- [What you will do]
The records, repeated exactly and in full, are the expected answer.

- [Data provided]
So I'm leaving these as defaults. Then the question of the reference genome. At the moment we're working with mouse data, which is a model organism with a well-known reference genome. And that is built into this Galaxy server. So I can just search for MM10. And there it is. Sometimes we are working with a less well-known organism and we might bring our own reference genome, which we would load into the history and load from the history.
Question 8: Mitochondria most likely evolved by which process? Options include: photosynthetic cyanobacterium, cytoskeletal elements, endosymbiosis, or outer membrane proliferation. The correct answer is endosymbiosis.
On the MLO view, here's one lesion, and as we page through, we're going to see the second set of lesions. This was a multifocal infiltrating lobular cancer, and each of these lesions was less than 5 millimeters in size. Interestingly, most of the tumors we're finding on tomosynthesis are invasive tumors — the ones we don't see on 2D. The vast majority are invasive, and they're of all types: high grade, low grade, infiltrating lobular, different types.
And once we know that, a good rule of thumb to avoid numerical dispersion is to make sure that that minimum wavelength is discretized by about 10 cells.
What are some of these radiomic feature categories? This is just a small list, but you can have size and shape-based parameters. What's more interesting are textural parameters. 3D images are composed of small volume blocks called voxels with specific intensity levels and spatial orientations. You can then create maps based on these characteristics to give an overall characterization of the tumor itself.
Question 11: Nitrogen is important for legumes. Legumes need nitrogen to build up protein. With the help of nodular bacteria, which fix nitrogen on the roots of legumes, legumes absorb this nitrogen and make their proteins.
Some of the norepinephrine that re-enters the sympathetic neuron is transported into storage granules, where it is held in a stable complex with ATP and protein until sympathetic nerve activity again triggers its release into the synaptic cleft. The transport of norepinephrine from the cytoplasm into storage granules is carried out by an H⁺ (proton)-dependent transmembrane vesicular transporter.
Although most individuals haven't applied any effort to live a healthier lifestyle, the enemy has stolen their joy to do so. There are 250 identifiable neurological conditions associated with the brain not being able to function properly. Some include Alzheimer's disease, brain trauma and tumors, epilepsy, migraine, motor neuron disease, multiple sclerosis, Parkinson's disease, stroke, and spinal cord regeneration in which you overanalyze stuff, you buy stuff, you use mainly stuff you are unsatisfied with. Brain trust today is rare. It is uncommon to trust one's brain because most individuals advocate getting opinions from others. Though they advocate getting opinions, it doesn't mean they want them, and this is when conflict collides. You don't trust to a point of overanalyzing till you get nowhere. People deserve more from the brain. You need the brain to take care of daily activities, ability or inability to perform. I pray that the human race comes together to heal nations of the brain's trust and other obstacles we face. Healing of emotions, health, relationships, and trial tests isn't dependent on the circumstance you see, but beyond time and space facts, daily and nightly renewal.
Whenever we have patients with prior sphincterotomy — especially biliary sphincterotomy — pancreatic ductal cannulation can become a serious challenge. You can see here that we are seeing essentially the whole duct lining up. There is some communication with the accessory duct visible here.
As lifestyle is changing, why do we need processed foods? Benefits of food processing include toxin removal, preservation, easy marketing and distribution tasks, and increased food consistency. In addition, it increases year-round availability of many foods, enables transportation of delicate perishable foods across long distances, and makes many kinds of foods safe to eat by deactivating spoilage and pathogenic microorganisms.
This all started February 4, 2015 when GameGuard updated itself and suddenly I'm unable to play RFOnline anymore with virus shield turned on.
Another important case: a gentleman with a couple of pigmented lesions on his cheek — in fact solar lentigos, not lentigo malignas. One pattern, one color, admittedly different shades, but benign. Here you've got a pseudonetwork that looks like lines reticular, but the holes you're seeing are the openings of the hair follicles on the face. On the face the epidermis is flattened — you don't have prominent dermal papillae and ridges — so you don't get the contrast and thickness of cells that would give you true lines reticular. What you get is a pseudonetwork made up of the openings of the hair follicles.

- [Task result]
So I'm leaving these as defaults. Then the question of the reference genome. At the moment we're working with mouse data, which is a model organism with a well-known reference genome. And that is built into this Galaxy server. So I can just search for MM10. And there it is. Sometimes we are working with a less well-known organism and we might bring our own reference genome, which we would load into the history and load from the history.
Question 8: Mitochondria most likely evolved by which process? Options include: photosynthetic cyanobacterium, cytoskeletal elements, endosymbiosis, or outer membrane proliferation. The correct answer is endosymbiosis.
On the MLO view, here's one lesion, and as we page through, we're going to see the second set of lesions. This was a multifocal infiltrating lobular cancer, and each of these lesions was less than 5 millimeters in size. Interestingly, most of the tumors we're finding on tomosynthesis are invasive tumors — the ones we don't see on 2D. The vast majority are invasive, and they're of all types: high grade, low grade, infiltrating lobular, different types.
And once we know that, a good rule of thumb to avoid numerical dispersion is to make sure that that minimum wavelength is discretized by about 10 cells.
What are some of these radiomic feature categories? This is just a small list, but you can have size and shape-based parameters. What's more interesting are textural parameters. 3D images are composed of small volume blocks called voxels with specific intensity levels and spatial orientations. You can then create maps based on these characteristics to give an overall characterization of the tumor itself.
Question 11: Nitrogen is important for legumes. Legumes need nitrogen to build up protein. With the help of nodular bacteria, which fix nitrogen on the roots of legumes, legumes absorb this nitrogen and make their proteins.
Some of the norepinephrine that re-enters the sympathetic neuron is transported into storage granules, where it is held in a stable complex with ATP and protein until sympathetic nerve activity again triggers its release into the synaptic cleft. The transport of norepinephrine from the cytoplasm into storage granules is carried out by an H⁺ (proton)-dependent transmembrane vesicular transporter.
Although most individuals haven't applied any effort to live a healthier lifestyle, the enemy has stolen their joy to do so. There are 250 identifiable neurological conditions associated with the brain not being able to function properly. Some include Alzheimer's disease, brain trauma and tumors, epilepsy, migraine, motor neuron disease, multiple sclerosis, Parkinson's disease, stroke, and spinal cord regeneration in which you overanalyze stuff, you buy stuff, you use mainly stuff you are unsatisfied with. Brain trust today is rare. It is uncommon to trust one's brain because most individuals advocate getting opinions from others. Though they advocate getting opinions, it doesn't mean they want them, and this is when conflict collides. You don't trust to a point of overanalyzing till you get nowhere. People deserve more from the brain. You need the brain to take care of daily activities, ability or inability to perform. I pray that the human race comes together to heal nations of the brain's trust and other obstacles we face. Healing of emotions, health, relationships, and trial tests isn't dependent on the circumstance you see, but beyond time and space facts, daily and nightly renewal.
Whenever we have patients with prior sphincterotomy — especially biliary sphincterotomy — pancreatic ductal cannulation can become a serious challenge. You can see here that we are seeing essentially the whole duct lining up. There is some communication with the accessory duct visible here.
As lifestyle is changing, why do we need processed foods? Benefits of food processing include toxin removal, preservation, easy marketing and distribution tasks, and increased food consistency. In addition, it increases year-round availability of many foods, enables transportation of delicate perishable foods across long distances, and makes many kinds of foods safe to eat by deactivating spoilage and pathogenic microorganisms.
This all started February 4, 2015 when GameGuard updated itself and suddenly I'm unable to play RFOnline anymore with virus shield turned on.
Another important case: a gentleman with a couple of pigmented lesions on his cheek — in fact solar lentigos, not lentigo malignas. One pattern, one color, admittedly different shades, but benign. Here you've got a pseudonetwork that looks like lines reticular, but the holes you're seeing are the openings of the hair follicles on the face. On the face the epidermis is flattened — you don't have prominent dermal papillae and ridges — so you don't get the contrast and thickness of cells that would give you true lines reticular. What you get is a pseudonetwork made up of the openings of the hair follicles.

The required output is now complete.